Over four centuries later, the Roman emperor Gaius Messius Quintus Traianus Decius, usually referred to simply as Decius, began the first persecution of Christians throughout the Empire. The first persecutions, under Nero and Domitian, had been fierce but mostly confined to Italy and Asia Minor. Later persecutions were regional, most notably at Lugundum (Lyon) in A.D. 117 during the reign of Marcus Aurelius, and at Carthage in A.D. 203 during the reign of Septimius Severus.
Due to these persecutions, Aurelius and Severus are often considered persecutors, although it is almost certain they did not order the persecutions and entirely possible that they were at most vaguely aware of them. On the other hand, the emperor Trajan certainly did know of a persecution that occurred during his reign in the province of Pontus, because Pliny the Younger, who was governor of that region wrote to the emperor in order to ask him some questions regarding judicial proceedings against accused Christians. In his reply, Trajan instructs Pliny that if a person is accused of being a Christian, then he must prove he is not by offering sacrifice to the gods. If he refuses, he is to be punished. However, Trajan advises Pliny not to seek out Christians nor to accept any anonymous accusations. Trajan’s successor Hadrian softened this stance by ruling that Christianity itself was not a crime and that a Christian could only be punished as one if he or she was found to be guilty of another, separate crime.
However, the third century was a time of catastrophic crisis for the Roman Empire. A.D. 248 had seen six emperors on the throne, all of whom died violent deaths. The last of these was succeeded by Philip the Arab, who himself was eventually overthrown by Decius. An ardent pagan, Decius believed that all the calamities that had befallen the Empire were due to Romans failing to honor the traditional gods of Rome.
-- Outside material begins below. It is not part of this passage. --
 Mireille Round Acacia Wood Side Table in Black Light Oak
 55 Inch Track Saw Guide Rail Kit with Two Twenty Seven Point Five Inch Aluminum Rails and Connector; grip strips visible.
Therefore, in A.D. 250, Decius issued an imperial edict requiring all citizens of the Empire offer sacrifice to the gods by a specified day.
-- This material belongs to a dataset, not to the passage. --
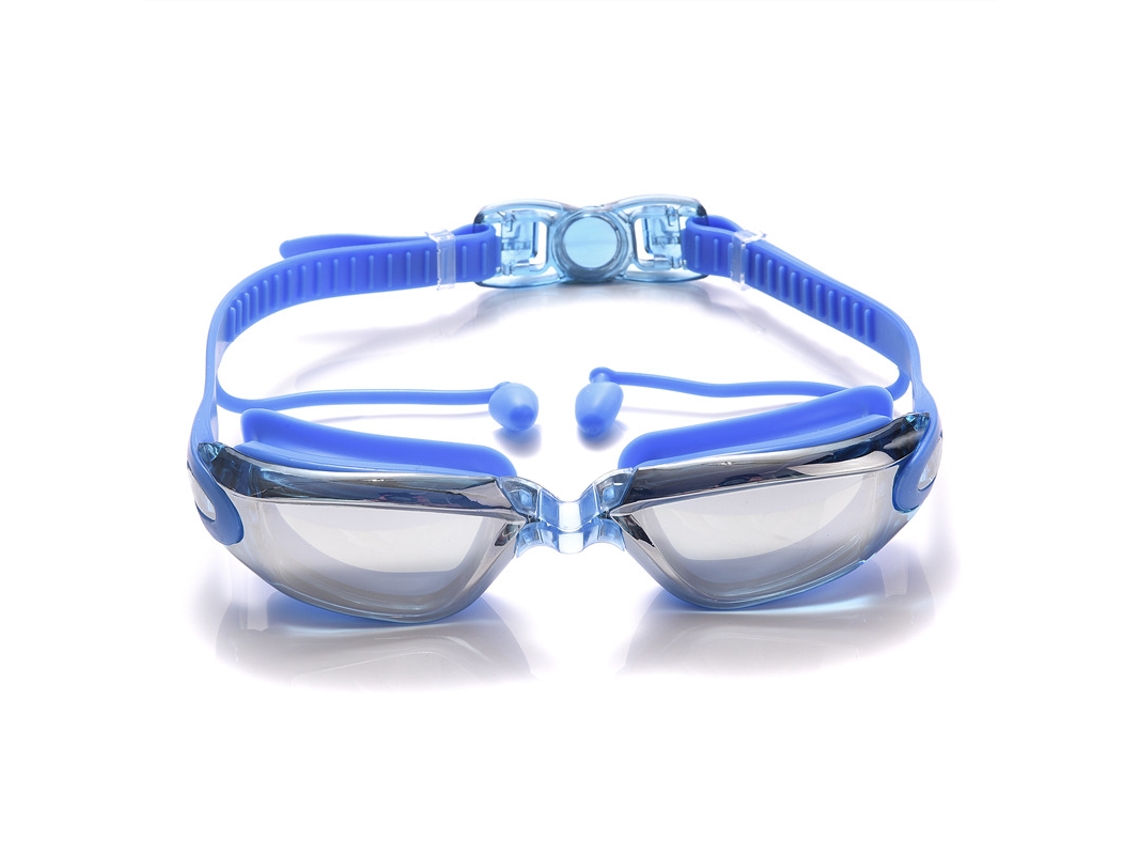Óculos de Natação de Silicone Hd À Prova D'água para Adultos, Peça Única, com Protetores Auriculares, Cor Azul AQUAFORGE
The decree did not demand that all Romans routinely appear at a temple and offer or attend a sacrifice on a regular basis. It was a one-time thing and was witnessed by a magistrate, who then issued a libellus. The libellus was an official document, certifying that the person had offered sacrifice and was therefore a loyal Roman. Yet even this one-time sacrifice was considered apostasy by Christians and they therefore would not do it. Thus were many martyrs made.
St. Agatha was one of these martyrs. She was born to a noble family in Catania, on the island of Sicily. As she grew up, she was very beautiful but had made a vow to consecrate her virginity to Christ. As often happened in this situation, she was romantically pursued by a pagan suitor. In Agatha’s case, it was Quintianus, who was either prefect of governor of the region. After repeatedly rebuffing his advances, Agatha revealed the reason she would not accept his marriage proposals. Enraged, Quintianus denounced her as a Christian and she was put in trial.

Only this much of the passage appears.